Remo Rosenau, Research-Leiter bei der Helvetischen Bank, warnt zunächst davor, die jüngsten Markt-Kursgewinne überzubewerten: "Das Sentiment Anfang Jahr war klar negativ, und dass der Markt so gut gestartet ist, hat wohl viele überrascht. Die Lage bleibt aber volatil." Trotz erstaunlich guten ersten Umsatzzahlen aus den USA und der Wiedereröffnung der Wirtschaft in China blieben Inflation und Zinsen ein Thema, sagt Rosenau: "Dabei ist weniger wichtig, ob die Notenbank Federal Reserve die Zinsen am Ende auf 5 oder 5,5 oder gar 6 Prozent anheben wird."

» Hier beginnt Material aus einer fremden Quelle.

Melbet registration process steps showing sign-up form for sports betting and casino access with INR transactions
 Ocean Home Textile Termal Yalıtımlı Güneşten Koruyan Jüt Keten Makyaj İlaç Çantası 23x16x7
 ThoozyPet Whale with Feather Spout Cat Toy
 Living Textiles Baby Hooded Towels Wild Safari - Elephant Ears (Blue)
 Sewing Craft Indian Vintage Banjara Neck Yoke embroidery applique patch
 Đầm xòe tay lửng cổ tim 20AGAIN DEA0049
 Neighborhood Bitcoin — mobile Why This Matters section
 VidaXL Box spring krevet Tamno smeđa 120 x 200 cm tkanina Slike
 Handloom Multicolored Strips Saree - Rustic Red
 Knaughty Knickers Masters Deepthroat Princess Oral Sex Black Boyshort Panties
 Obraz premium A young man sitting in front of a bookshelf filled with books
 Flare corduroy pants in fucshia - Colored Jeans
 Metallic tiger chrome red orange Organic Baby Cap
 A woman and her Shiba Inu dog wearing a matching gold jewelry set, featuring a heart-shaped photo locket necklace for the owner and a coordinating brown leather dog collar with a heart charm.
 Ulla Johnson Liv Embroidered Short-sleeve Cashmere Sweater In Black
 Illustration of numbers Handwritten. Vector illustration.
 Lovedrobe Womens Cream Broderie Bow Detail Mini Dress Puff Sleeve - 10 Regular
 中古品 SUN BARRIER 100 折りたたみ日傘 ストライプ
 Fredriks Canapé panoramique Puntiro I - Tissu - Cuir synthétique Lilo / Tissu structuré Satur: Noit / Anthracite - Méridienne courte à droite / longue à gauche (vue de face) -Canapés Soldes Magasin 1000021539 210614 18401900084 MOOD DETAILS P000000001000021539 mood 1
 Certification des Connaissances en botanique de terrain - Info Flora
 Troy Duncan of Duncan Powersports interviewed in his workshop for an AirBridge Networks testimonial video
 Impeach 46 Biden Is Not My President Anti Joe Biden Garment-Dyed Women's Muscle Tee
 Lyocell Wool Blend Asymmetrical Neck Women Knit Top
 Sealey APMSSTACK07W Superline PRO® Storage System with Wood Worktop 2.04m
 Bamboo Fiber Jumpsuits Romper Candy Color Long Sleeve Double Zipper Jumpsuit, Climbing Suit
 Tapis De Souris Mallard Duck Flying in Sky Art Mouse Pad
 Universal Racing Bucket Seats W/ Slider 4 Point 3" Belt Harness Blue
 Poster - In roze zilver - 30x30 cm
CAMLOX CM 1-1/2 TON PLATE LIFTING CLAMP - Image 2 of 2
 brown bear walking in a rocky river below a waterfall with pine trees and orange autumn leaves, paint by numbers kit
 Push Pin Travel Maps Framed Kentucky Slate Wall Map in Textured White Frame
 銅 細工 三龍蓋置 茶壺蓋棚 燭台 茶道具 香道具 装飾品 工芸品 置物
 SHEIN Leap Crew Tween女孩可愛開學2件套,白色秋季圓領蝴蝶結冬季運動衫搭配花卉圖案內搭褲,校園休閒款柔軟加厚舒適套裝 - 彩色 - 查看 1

Wichtiger für die Aktienmärkte werde sein, dass das Zinsniveau dann nicht zu lange so hoch bleibe, sagt Rosenau: "Sonst hätte der Markt wohl wieder Korrekturbedarf, und die oft gehegte Erwartung, dass das zweite Halbjahr an den Aktienmärkten besser werden könnte, würde sich dann kaum bewahrheiten." Für die Unternehmen noch wichtiger werde die Konsumneigung: "Diese wird 2023 ein Hauptthema sein und die Unternehmen sehr unterschiedlich betreffen."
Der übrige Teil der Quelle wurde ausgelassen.